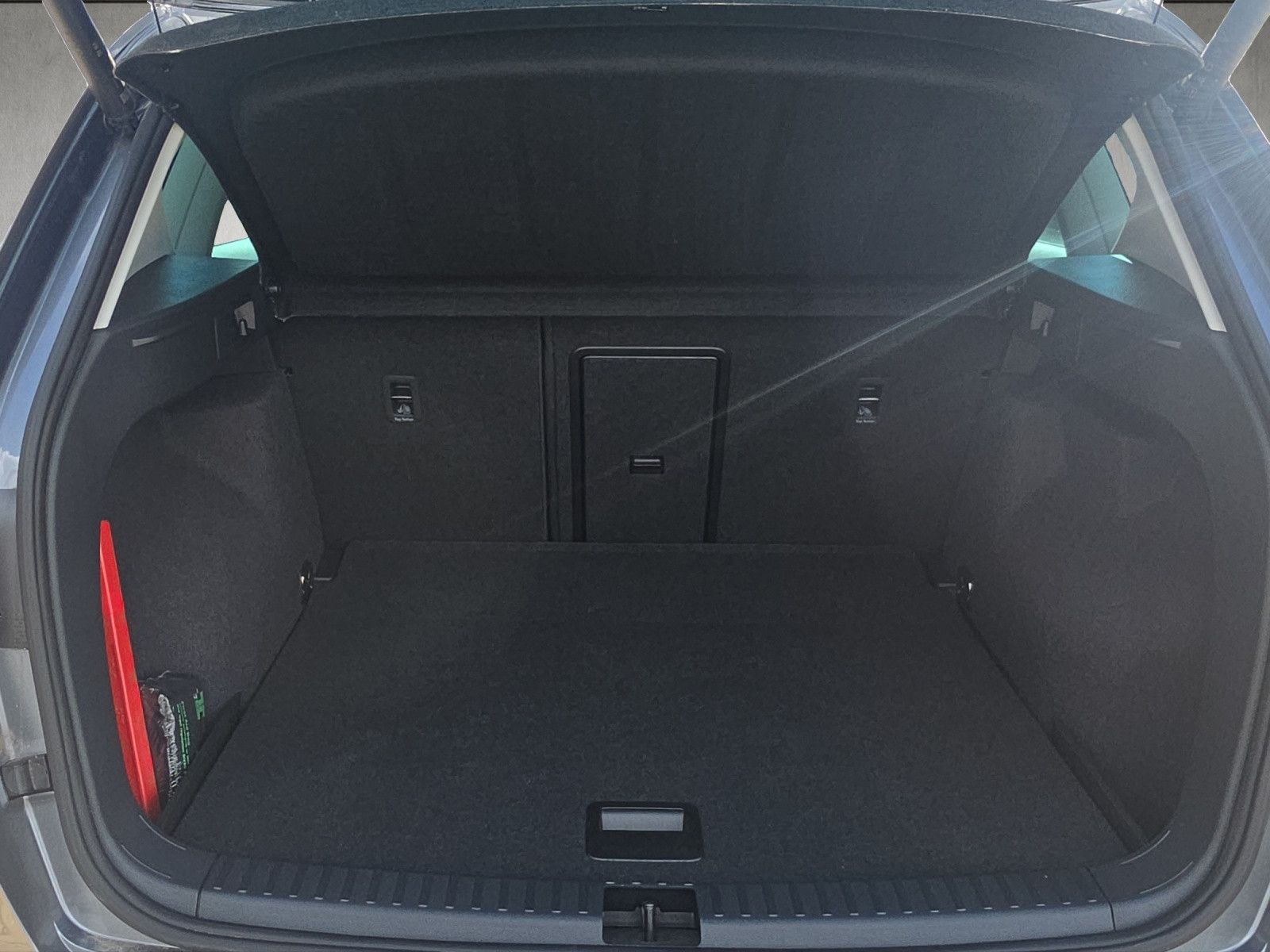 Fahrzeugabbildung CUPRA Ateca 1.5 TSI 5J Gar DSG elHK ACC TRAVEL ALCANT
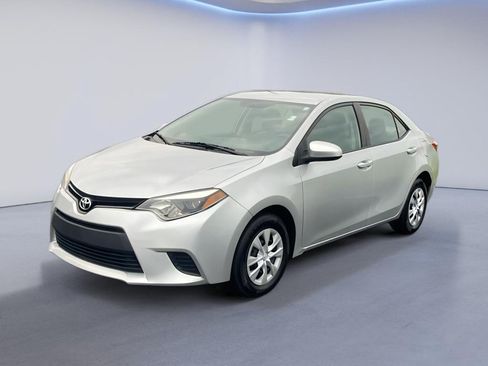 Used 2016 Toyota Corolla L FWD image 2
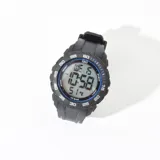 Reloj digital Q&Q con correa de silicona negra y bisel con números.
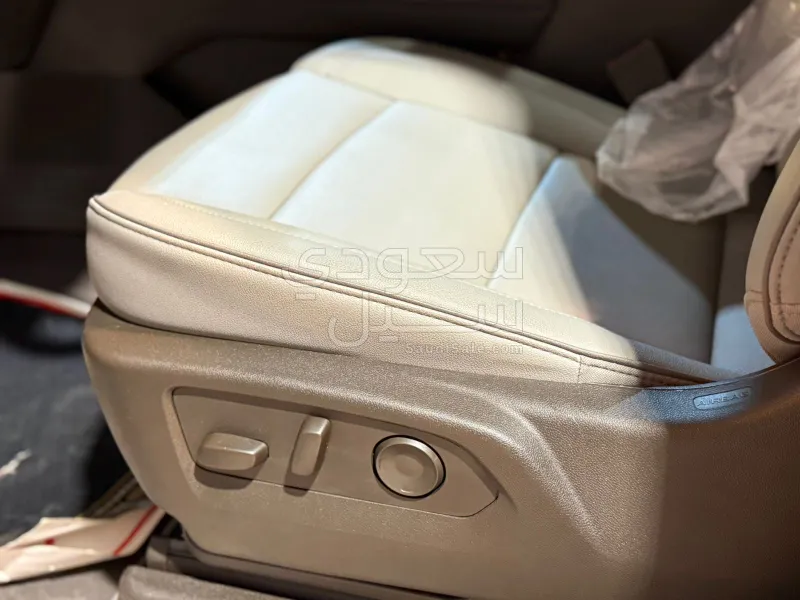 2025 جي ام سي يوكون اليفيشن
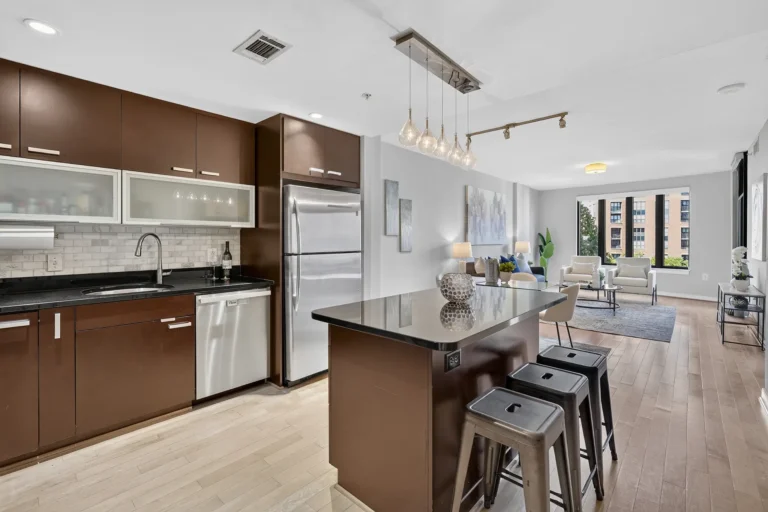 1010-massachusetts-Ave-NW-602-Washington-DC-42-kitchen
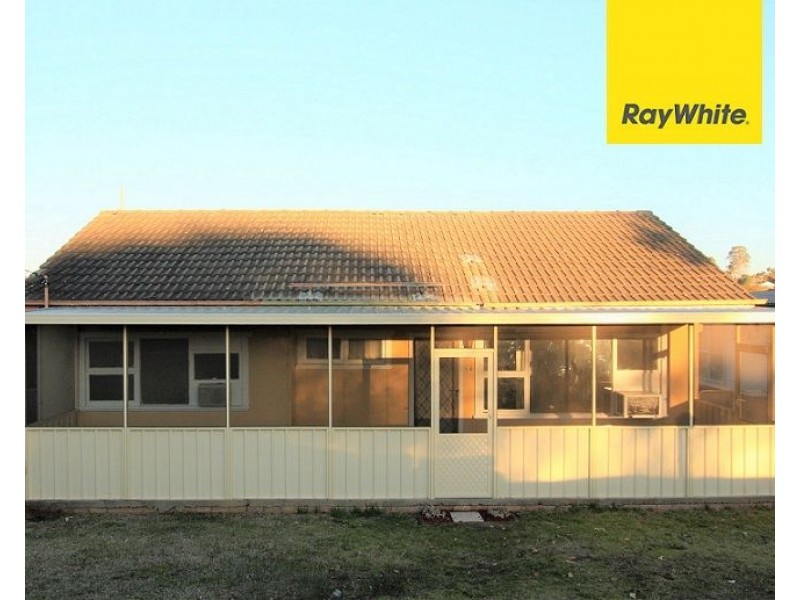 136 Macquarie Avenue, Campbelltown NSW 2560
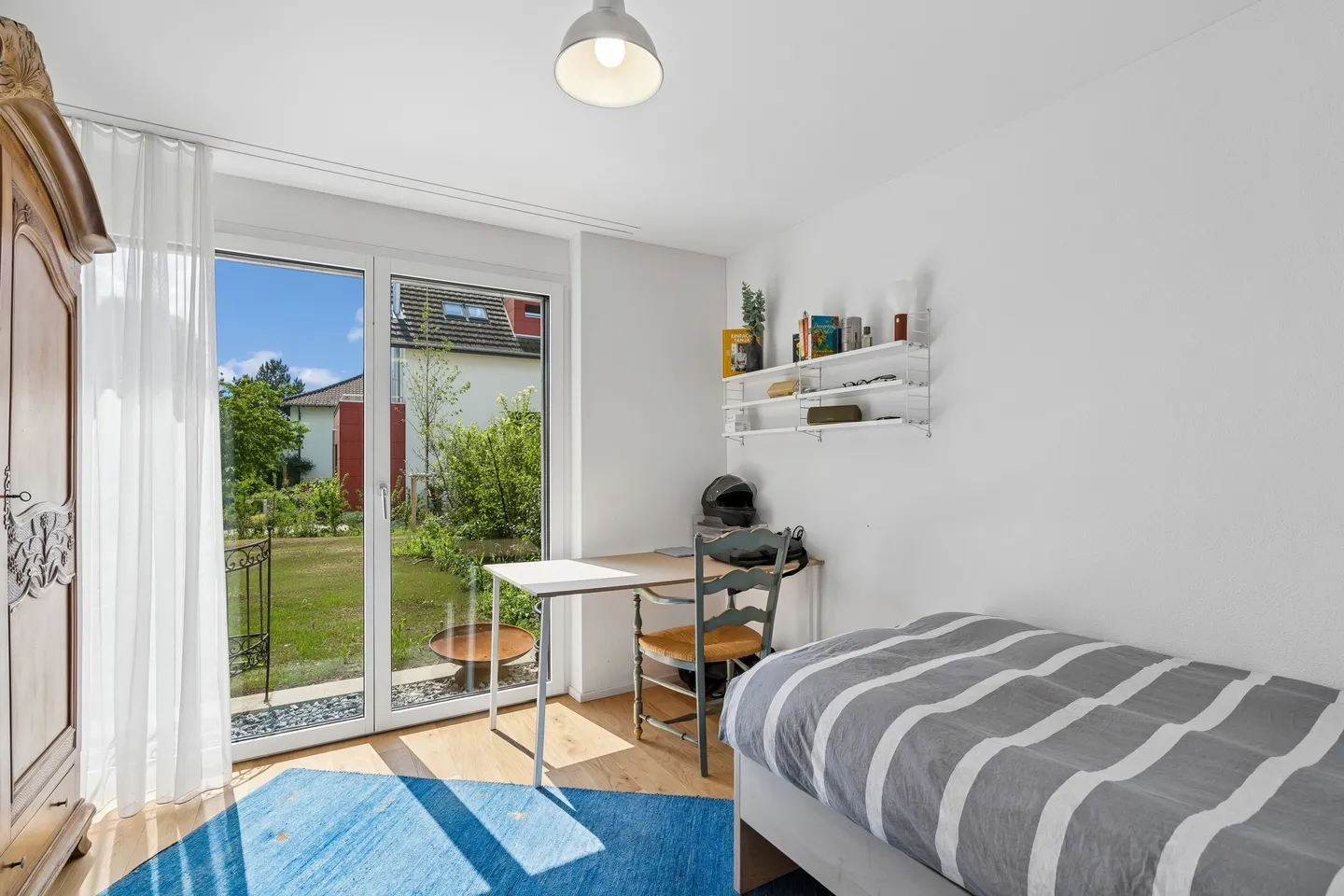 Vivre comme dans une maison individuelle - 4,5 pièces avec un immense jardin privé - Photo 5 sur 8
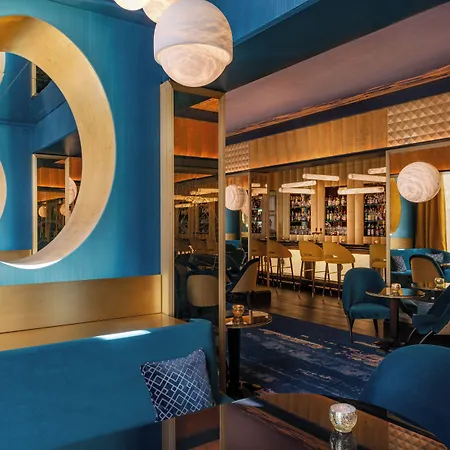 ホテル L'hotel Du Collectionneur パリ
◇ ◇ ◇ ◇ ◇ ◇ ◇
Begin at the line containing "1010-massachusetts-Ave-NW-602-Washington-DC-42-kitchen" and extract every line through the end of the records, inclusive, exactly and only; omit pictures.

§ **SOLUTION TO THE PROBLEM**
 1010-massachusetts-Ave-NW-602-Washington-DC-42-kitchen
 136 Macquarie Avenue, Campbelltown NSW 2560
 Vivre comme dans une maison individuelle - 4,5 pièces avec un immense jardin privé - Photo 5 sur 8
 ホテル L'hotel Du Collectionneur パリ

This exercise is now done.